* [Task objective] Write out the records word for word, with no pictures.

* [Dataset excerpts]
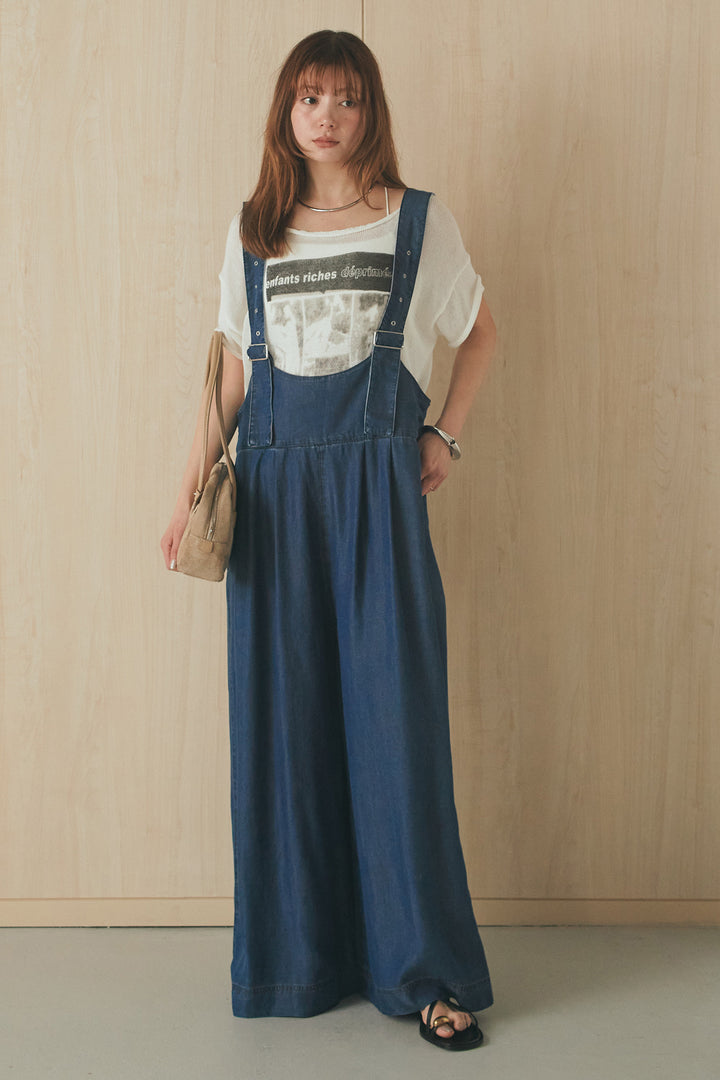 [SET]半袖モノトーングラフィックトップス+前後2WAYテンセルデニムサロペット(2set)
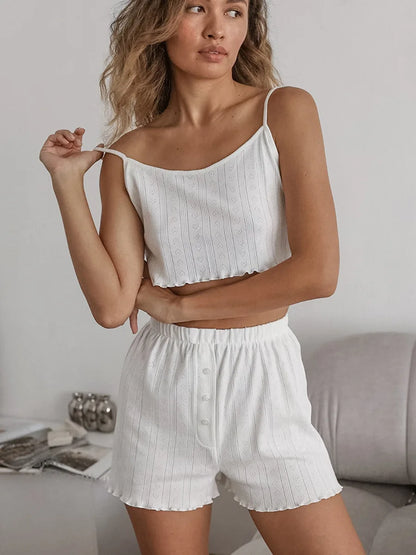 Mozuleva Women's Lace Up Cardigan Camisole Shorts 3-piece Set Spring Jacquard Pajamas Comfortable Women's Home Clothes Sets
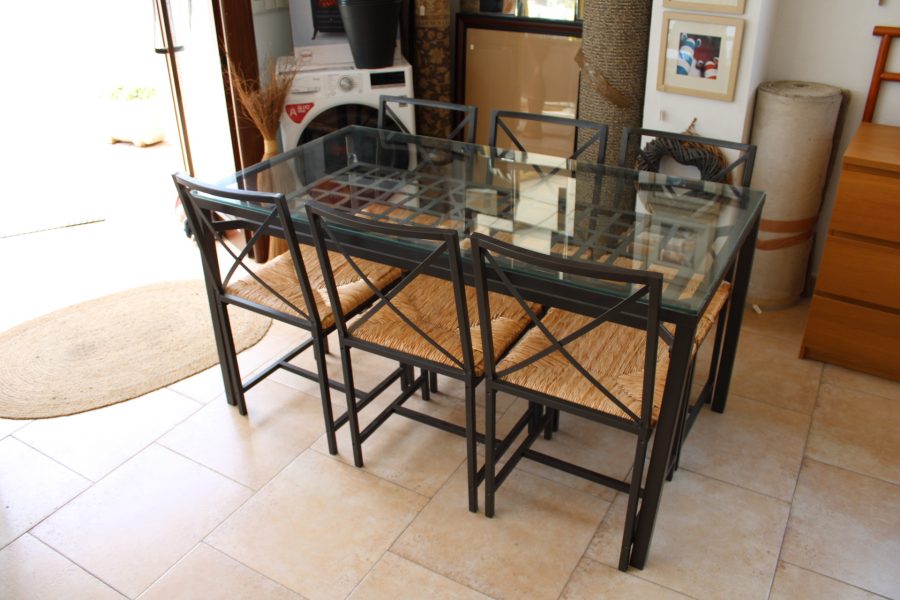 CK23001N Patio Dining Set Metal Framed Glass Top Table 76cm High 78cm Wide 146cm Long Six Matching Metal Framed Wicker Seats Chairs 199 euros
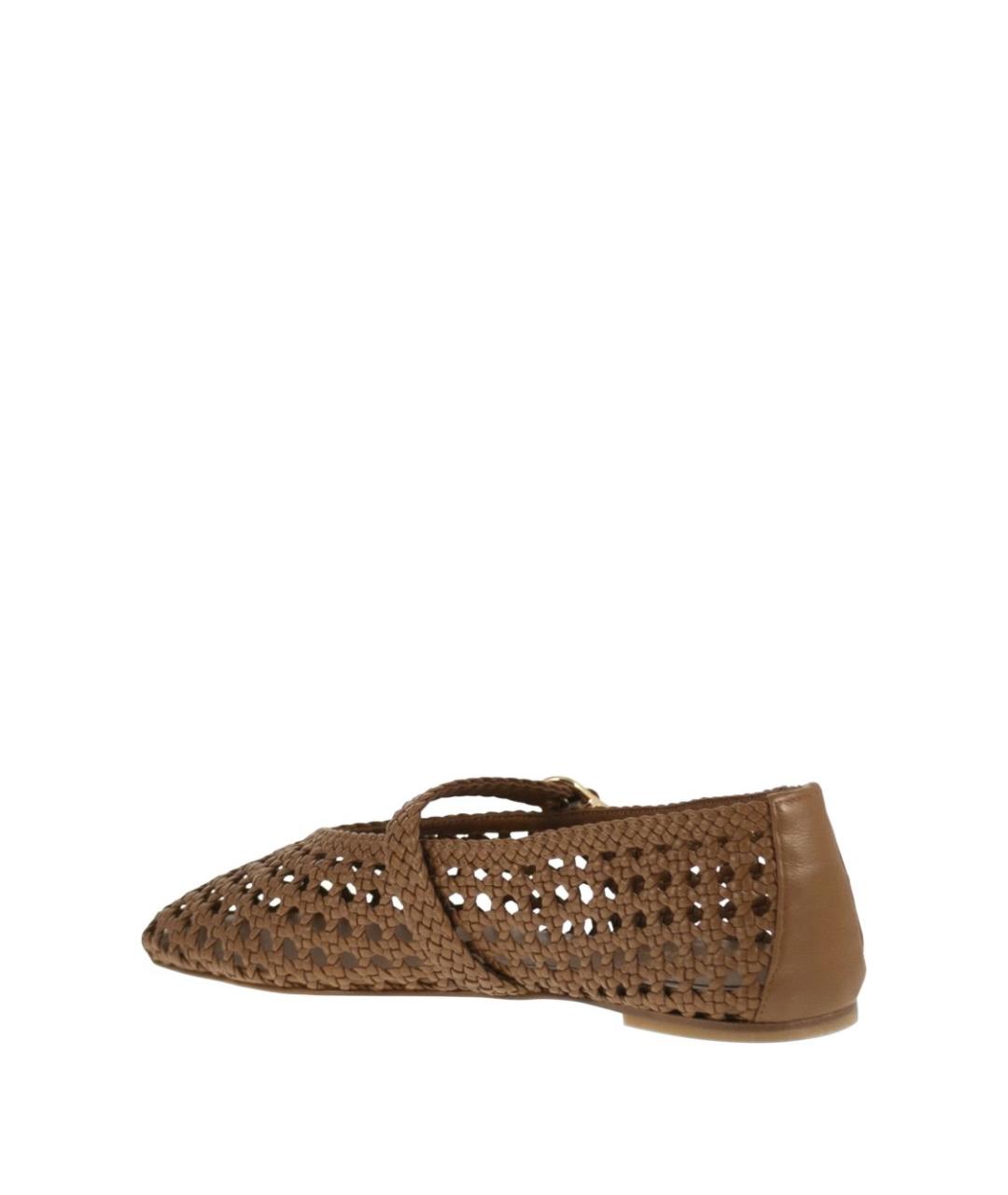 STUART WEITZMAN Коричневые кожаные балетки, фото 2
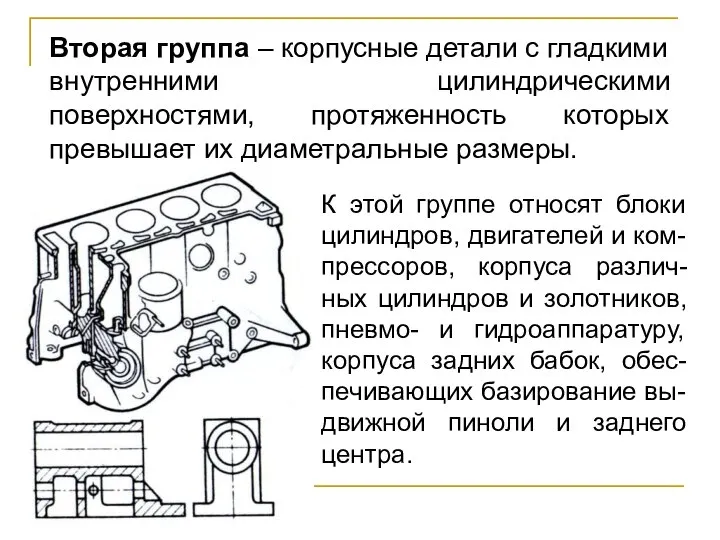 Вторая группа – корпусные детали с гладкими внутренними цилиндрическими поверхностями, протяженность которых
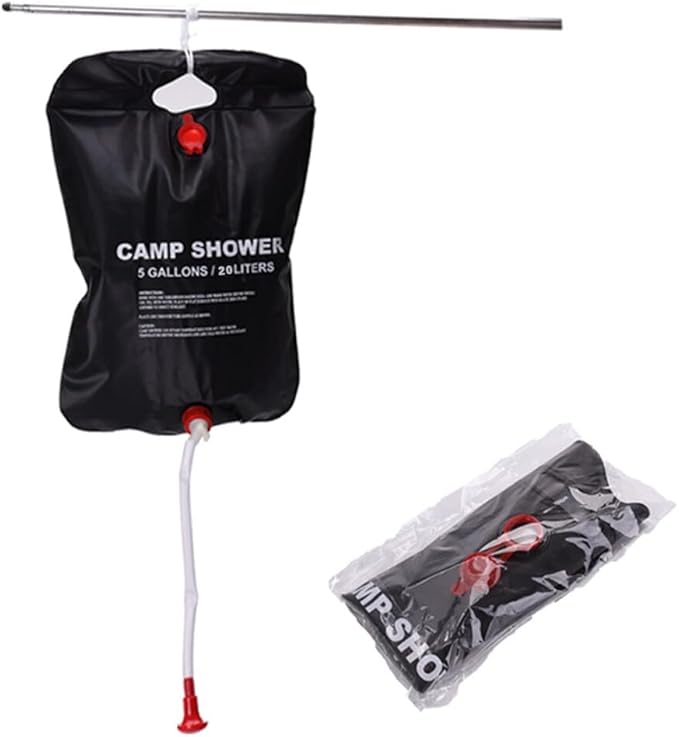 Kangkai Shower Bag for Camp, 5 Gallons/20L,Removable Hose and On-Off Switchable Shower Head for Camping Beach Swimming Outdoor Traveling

* [Result of this exercise]
 [SET]半袖モノトーングラフィックトップス+前後2WAYテンセルデニムサロペット(2set)
 Mozuleva Women's Lace Up Cardigan Camisole Shorts 3-piece Set Spring Jacquard Pajamas Comfortable Women's Home Clothes Sets
 CK23001N Patio Dining Set Metal Framed Glass Top Table 76cm High 78cm Wide 146cm Long Six Matching Metal Framed Wicker Seats Chairs 199 euros
 STUART WEITZMAN Коричневые кожаные балетки, фото 2
 Вторая группа – корпусные детали с гладкими внутренними цилиндрическими поверхностями, протяженность которых
 Kangkai Shower Bag for Camp, 5 Gallons/20L,Removable Hose and On-Off Switchable Shower Head for Camping Beach Swimming Outdoor Traveling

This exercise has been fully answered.